5. I don't have a LFS, only petco and petsmart. Petsmart has a tiny selection and sickly plants sold off the shelf. Petco does have some tanks setup, but not exactly sure of the variety. Can you recommend a good site to shop online from the US?

6. Like I said, I'm new, low budget (have a baby on the way), and inexperienced. I would like to avoid CO2 and simply use a liquid/tab product one a week or so for nutrients (product recommendations welcomed). I know I have circumstances that will limit my setup, but want to do the best that I can. Any general suggestions would be great. 

Thanks for reading/helping. 

Very nice site you have here, BTW.


----------



## Philcav7 (Oct 2, 2012)

Forgot mention...

My tank is 36W x 18D x 16H with the fixture directly on the glass top. So there is minimal water depth over the plants to the fixture ( depending on height of plant obviously)

One apprehension I have about keeping the NO fixture is lack of bulbs, they are difficult to find and the selection seems scarce. Aqueon makes them and have found a couple of regular home depot bulbs. Do you think this will be a limiting factor?


----------



## Michael (Jul 20, 2010)

_Phil, welcome to APC! See some comments below._

1. I currently have 4 java ferns and 3 anubias nana that I got last week. I want to add more and our divide and re-plant what I have. Are there other plants that I should look at putting in the tank? I am thinking I need some taller plants for the back. Some colored plants would be nice. Keep in mind the goldfish eat everything, dig constantly, and are cold water.
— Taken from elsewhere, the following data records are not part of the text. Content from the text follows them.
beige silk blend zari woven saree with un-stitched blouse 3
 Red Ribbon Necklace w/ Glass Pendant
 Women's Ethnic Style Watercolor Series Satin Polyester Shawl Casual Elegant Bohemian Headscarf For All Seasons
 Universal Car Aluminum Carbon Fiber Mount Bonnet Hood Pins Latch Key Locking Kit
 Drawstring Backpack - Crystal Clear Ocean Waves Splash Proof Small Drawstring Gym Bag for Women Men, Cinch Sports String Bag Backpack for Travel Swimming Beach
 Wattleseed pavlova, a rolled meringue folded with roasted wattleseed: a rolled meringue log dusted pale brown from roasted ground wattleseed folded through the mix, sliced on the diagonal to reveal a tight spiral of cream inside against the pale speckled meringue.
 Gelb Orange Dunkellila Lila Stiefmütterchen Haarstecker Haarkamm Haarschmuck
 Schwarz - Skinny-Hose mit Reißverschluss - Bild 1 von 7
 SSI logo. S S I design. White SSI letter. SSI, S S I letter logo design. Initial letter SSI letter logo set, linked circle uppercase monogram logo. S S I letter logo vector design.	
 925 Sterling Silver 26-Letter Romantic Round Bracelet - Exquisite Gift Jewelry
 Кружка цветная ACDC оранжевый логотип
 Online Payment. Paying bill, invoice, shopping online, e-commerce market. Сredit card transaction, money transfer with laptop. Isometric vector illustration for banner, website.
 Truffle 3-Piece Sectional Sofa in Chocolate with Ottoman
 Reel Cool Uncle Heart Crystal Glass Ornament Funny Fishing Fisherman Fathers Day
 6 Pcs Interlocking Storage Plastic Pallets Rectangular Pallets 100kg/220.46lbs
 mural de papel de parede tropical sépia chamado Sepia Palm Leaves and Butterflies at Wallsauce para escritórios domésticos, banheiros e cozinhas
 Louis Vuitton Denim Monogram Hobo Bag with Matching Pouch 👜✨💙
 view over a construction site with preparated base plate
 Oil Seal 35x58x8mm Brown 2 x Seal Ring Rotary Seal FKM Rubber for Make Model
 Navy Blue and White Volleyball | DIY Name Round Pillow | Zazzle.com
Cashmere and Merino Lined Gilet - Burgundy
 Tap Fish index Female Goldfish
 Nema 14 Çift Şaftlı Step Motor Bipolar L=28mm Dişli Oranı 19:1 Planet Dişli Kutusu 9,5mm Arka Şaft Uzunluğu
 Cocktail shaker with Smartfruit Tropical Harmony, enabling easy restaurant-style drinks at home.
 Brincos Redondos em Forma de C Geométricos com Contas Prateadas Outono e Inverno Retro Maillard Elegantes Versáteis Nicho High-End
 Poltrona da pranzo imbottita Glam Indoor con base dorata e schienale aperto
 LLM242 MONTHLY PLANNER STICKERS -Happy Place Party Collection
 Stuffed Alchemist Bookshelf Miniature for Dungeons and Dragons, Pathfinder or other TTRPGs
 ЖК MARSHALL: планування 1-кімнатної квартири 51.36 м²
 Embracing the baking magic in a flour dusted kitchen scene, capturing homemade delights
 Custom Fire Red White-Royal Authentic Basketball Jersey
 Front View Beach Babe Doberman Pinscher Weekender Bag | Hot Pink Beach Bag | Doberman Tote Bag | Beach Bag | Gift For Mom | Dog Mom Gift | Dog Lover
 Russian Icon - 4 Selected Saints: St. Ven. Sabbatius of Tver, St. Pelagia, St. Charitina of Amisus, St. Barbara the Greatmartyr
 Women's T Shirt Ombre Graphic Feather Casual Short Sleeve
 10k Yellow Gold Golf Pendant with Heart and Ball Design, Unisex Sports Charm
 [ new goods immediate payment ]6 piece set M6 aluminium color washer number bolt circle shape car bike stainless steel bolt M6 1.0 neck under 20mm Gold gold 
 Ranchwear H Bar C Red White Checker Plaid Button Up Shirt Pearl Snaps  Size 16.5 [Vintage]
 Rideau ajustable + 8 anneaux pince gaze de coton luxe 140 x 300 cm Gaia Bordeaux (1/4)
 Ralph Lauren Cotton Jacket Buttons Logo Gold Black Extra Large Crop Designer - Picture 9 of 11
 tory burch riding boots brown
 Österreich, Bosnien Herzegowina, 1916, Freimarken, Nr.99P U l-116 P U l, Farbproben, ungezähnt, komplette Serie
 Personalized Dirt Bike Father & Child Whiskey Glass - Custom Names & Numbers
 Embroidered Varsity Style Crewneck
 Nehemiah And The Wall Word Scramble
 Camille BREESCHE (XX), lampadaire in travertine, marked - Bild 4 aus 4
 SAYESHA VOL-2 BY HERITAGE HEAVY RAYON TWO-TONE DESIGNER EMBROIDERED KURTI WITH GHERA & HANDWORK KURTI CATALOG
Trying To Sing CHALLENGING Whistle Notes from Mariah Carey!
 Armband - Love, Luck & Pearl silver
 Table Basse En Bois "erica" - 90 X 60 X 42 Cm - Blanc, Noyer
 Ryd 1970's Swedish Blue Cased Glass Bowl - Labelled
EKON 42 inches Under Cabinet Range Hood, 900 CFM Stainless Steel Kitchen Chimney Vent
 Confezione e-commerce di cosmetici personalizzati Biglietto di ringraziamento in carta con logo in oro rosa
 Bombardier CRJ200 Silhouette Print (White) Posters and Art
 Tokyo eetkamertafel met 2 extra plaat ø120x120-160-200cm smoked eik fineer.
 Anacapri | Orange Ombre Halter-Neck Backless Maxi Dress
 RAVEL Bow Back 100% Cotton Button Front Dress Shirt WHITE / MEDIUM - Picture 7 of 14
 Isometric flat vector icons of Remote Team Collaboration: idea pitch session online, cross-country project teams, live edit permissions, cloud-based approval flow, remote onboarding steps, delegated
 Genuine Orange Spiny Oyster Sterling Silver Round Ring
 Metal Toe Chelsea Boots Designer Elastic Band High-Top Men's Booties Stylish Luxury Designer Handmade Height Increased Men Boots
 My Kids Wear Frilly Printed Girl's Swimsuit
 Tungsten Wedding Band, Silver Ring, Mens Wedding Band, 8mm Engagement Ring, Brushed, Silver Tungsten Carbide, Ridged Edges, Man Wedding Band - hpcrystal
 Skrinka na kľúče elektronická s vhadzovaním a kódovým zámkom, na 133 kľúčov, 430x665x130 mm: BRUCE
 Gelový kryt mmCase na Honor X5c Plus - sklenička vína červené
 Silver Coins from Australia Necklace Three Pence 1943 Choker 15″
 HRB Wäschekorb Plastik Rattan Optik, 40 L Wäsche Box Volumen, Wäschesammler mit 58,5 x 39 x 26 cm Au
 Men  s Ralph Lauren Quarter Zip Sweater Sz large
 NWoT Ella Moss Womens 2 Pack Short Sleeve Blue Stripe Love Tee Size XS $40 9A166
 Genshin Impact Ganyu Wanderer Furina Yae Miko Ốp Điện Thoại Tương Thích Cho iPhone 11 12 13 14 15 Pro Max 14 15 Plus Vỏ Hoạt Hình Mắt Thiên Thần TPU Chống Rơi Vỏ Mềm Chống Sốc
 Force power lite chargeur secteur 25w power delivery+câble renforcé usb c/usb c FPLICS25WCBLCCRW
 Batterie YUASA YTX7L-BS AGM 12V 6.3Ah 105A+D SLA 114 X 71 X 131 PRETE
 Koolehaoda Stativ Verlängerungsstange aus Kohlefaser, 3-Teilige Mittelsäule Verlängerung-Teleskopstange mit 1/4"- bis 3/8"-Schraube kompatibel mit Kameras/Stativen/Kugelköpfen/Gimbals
_The goldfish are going to be a challenge. Small fancy goldfish are not so bad; large commons, comets, or shubunkins will be worse. I suggest going to the Plant Finder, do a search for very easy and easy plants, pick out a few species you are interested in, and post specific questions about those species. In many ways, this will be trial and error until you find plants that can coexist with the goldfish._

2. I am using a light fixture with two 36" T5NO bulbs (21w x 2). One is daylight, the other is pink. Should I return this fixture and buy a 36" T5HO (39w x2) instead? The HO fixture is actually cheaper, but doesn't look as nice, the one I have is super sleek. Some say my plants will be fine with 1wpg, others say I need more. The reduced energy cost of 42w is appealing, but I want to make sure I have the right thing.

_Your current fixture is fine. Two T5 HO tubes over a 40 breeder would put you in high light, and leave you very prone to algae problems. You can use generic T5 NO tubes from the hardware store, look for ones with the highest color temperature (K) number that you can find._

3. When collecting rocks in the wild, how do I know what to pickup? I've heard no limestone and to do a vinegar test, but is that fool proof? I don't have a hardness test kit at this time, but current ph is about 7.6 using tap water.

_Goldfish are fine in hard water, so don't worry about limestone or the vinegar test. Most natural stone is fine. When you bring it home, scrub it with a stiff brush. If the surface comes off and keeps coming off as long as you scrub, the stone is too soft and will fall apart in the tank._

4. A carpeting plant would be awesome, I just haven't found any that goldys dont eat (java moss, riccia, DHG, etc. Any ideas?

_You might try dwarf sagittaria or pigmy chain sword. No guarantees!_

5. I don't have a LFS, only petco and petsmart. Petsmart has a tiny selection and sickly plants sold off the shelf. Petco does have some tanks setup, but not exactly sure of the variety. Can you recommend a good site to shop online from the US?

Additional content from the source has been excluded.